▸ DATA SHOWN:
++++++++++++++++++++
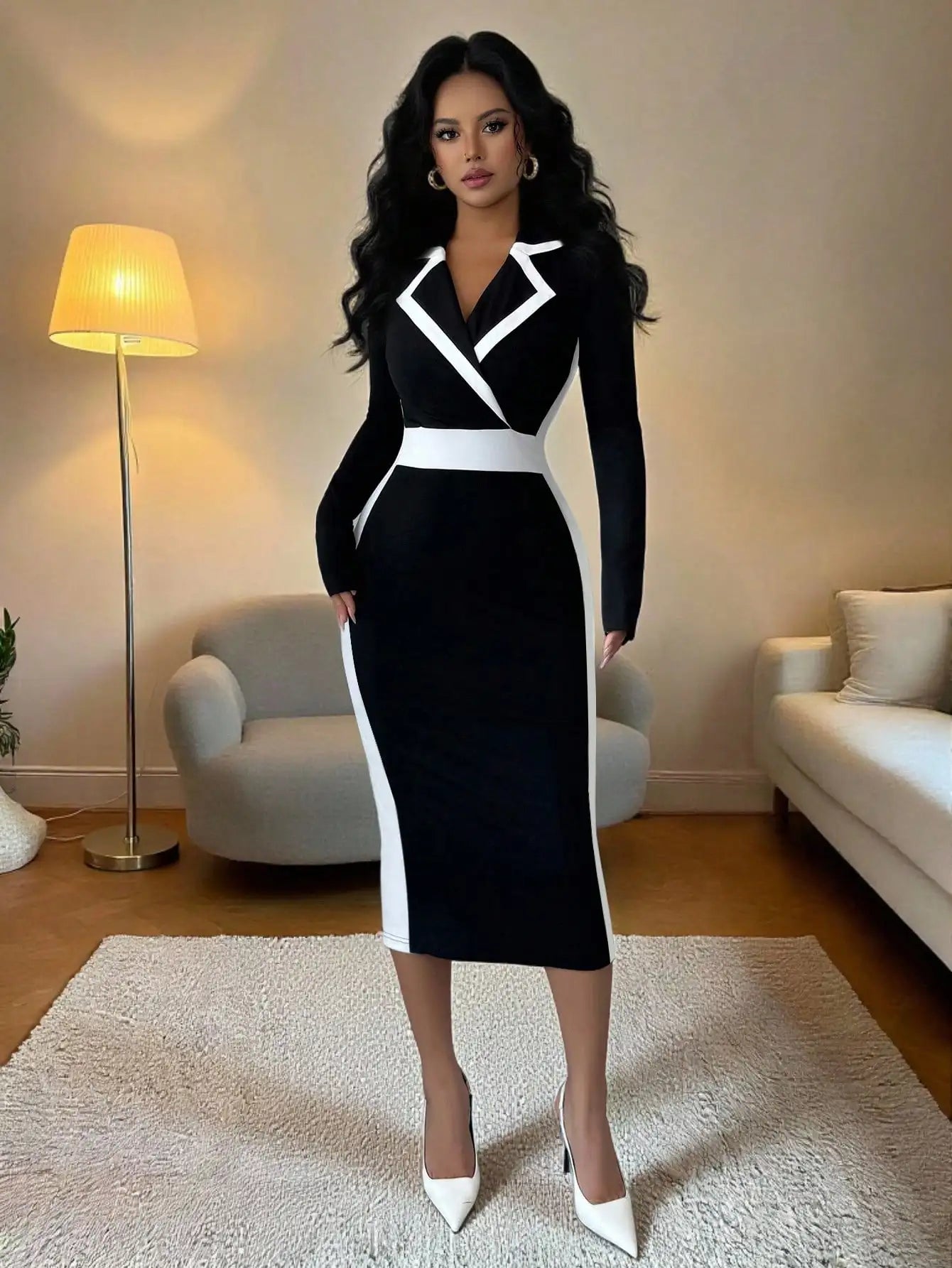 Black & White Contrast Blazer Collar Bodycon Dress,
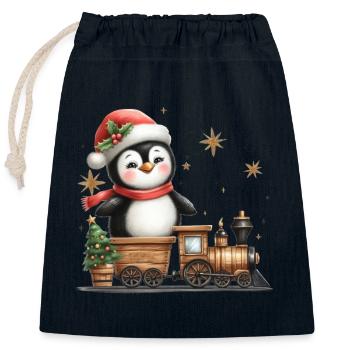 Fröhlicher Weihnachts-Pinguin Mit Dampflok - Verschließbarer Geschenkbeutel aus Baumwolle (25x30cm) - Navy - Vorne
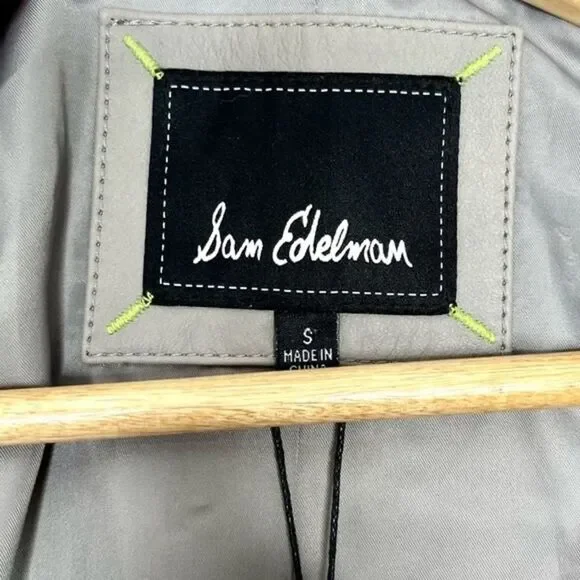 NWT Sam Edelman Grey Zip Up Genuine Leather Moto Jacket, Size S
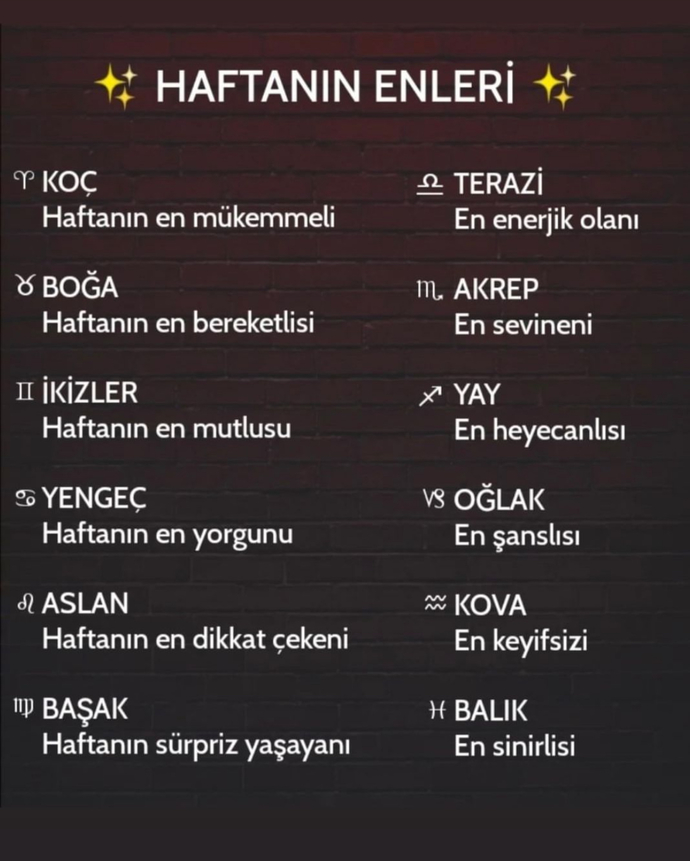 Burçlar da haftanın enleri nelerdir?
++++++++++++++++++++
▸ DIRECTIONS FOR THIS TASK: The expected output is the run of lines from the one containing "Fröhlicher Weihnachts-Pinguin Mit" to the last line of the listing above, both included, word for word and free of pictures.

▸ COMPLETED TASK:
 Fröhlicher Weihnachts-Pinguin Mit Dampflok - Verschließbarer Geschenkbeutel aus Baumwolle (25x30cm) - Navy - Vorne
 NWT Sam Edelman Grey Zip Up Genuine Leather Moto Jacket, Size S
 Burçlar da haftanın enleri nelerdir?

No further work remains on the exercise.